- Required work:
Write the listing out once more, identical to the original but without pictures.

- Data provided:
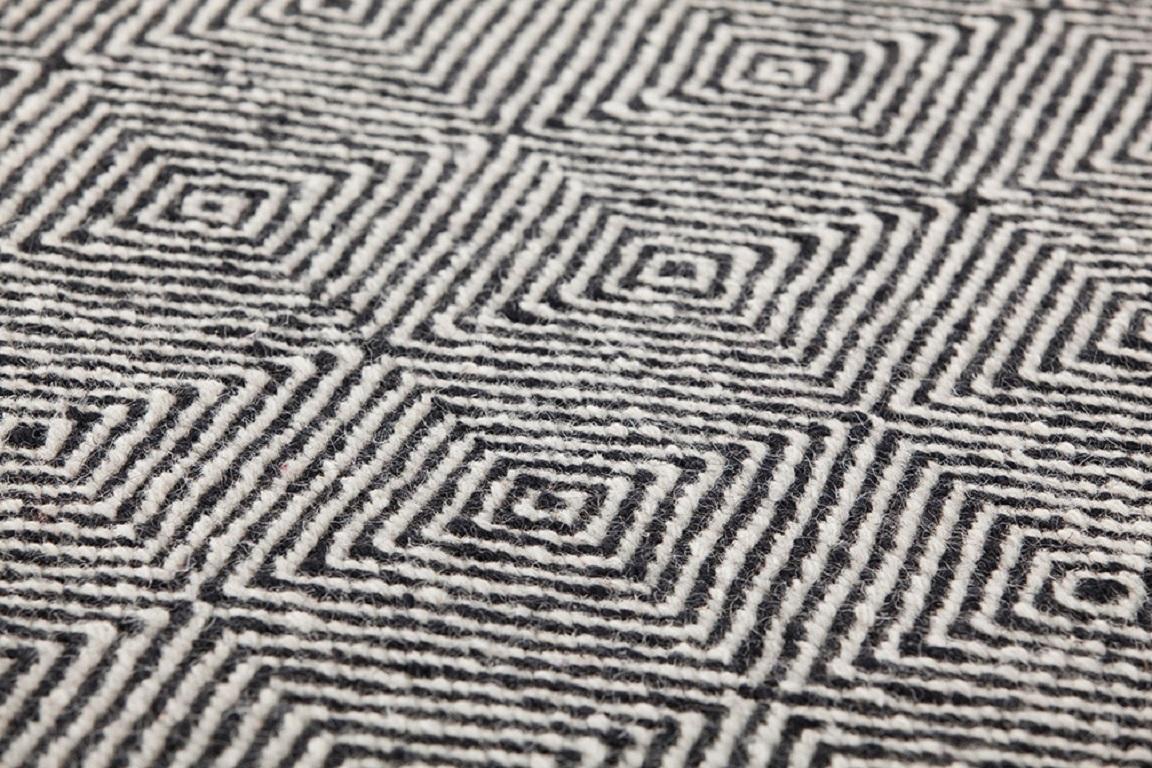 Dhurrie wool is transformed and grows in volume. Urban, sober and essential, it reveals myriad new possibilities.

Additional information:
Material: Jute. 100% wool. Reversible
Color: Black
Technique: Dhurrie
Dimensions: 118 W x 158 D x 0.39 H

- Task result:
 Dhurrie wool is transformed and grows in volume. Urban, sober and essential, it reveals myriad new possibilities.

Additional information:
Material: Jute. 100% wool. Reversible
Color: Black
Technique: Dhurrie
Dimensions: 118 W x 158 D x 0.39 H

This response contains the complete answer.